» **YOUR TASK**
Reproduce every line of the material below exactly. No pictures belong in the copy.

» **RECORDED DATA**
+++
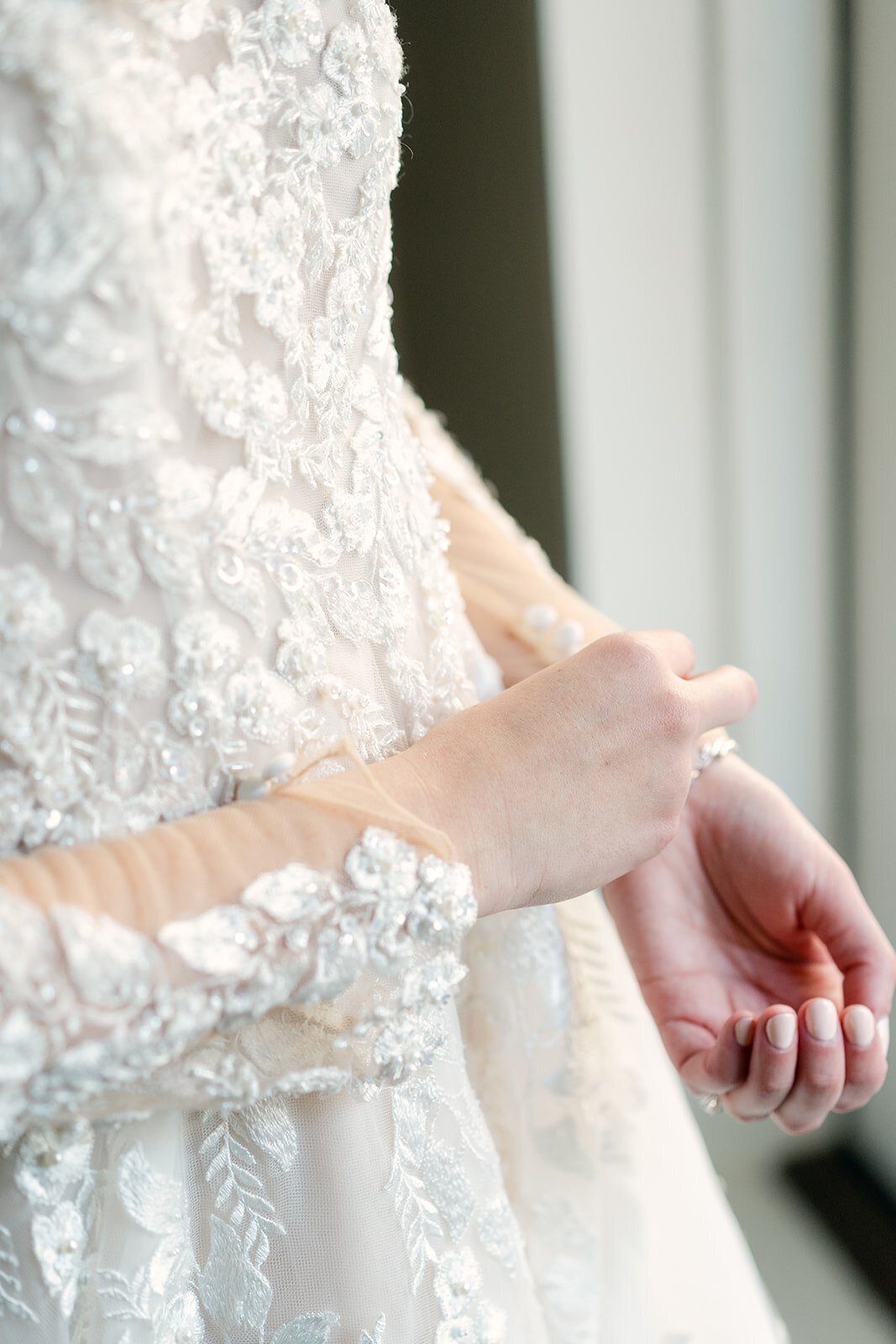 dallas_adolphus_wedding_0004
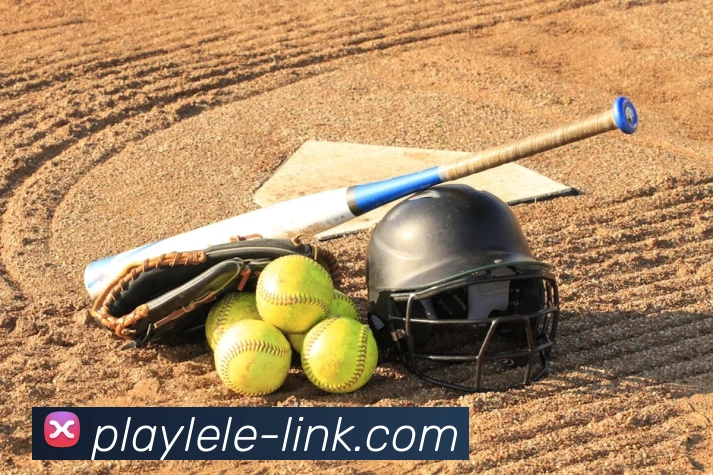 足球扶贫项目成效观察世界杯热潮如何推动乡村体育与民生发展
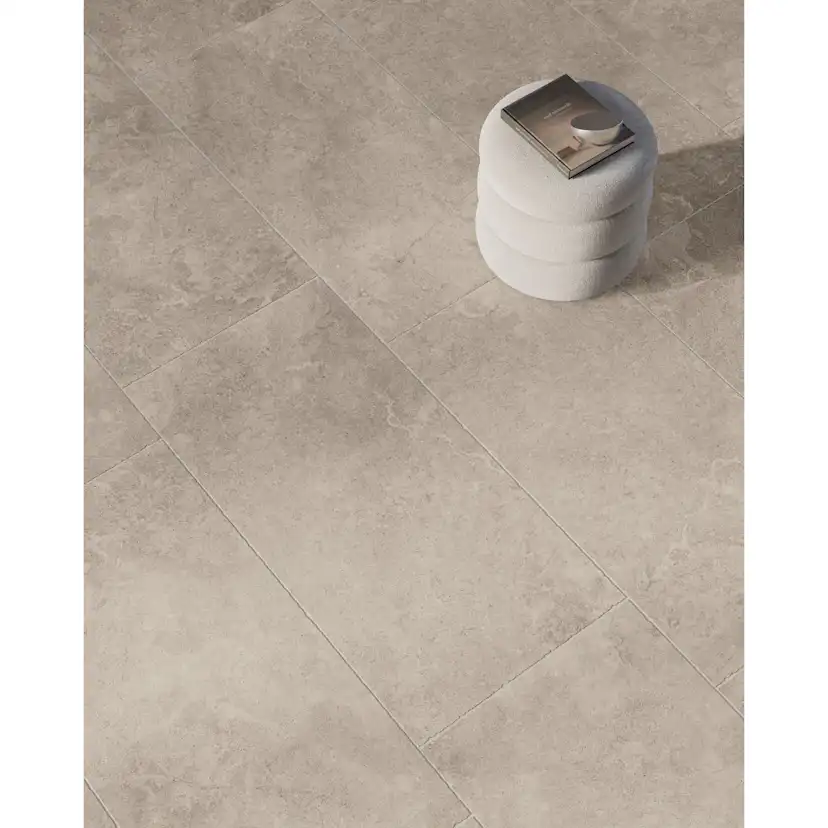 Klinker Lhådös Honey Warm 30x60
+++
» **OUTPUT BELOW**
 dallas_adolphus_wedding_0004
 足球扶贫项目成效观察世界杯热潮如何推动乡村体育与民生发展
 Klinker Lhådös Honey Warm 30x60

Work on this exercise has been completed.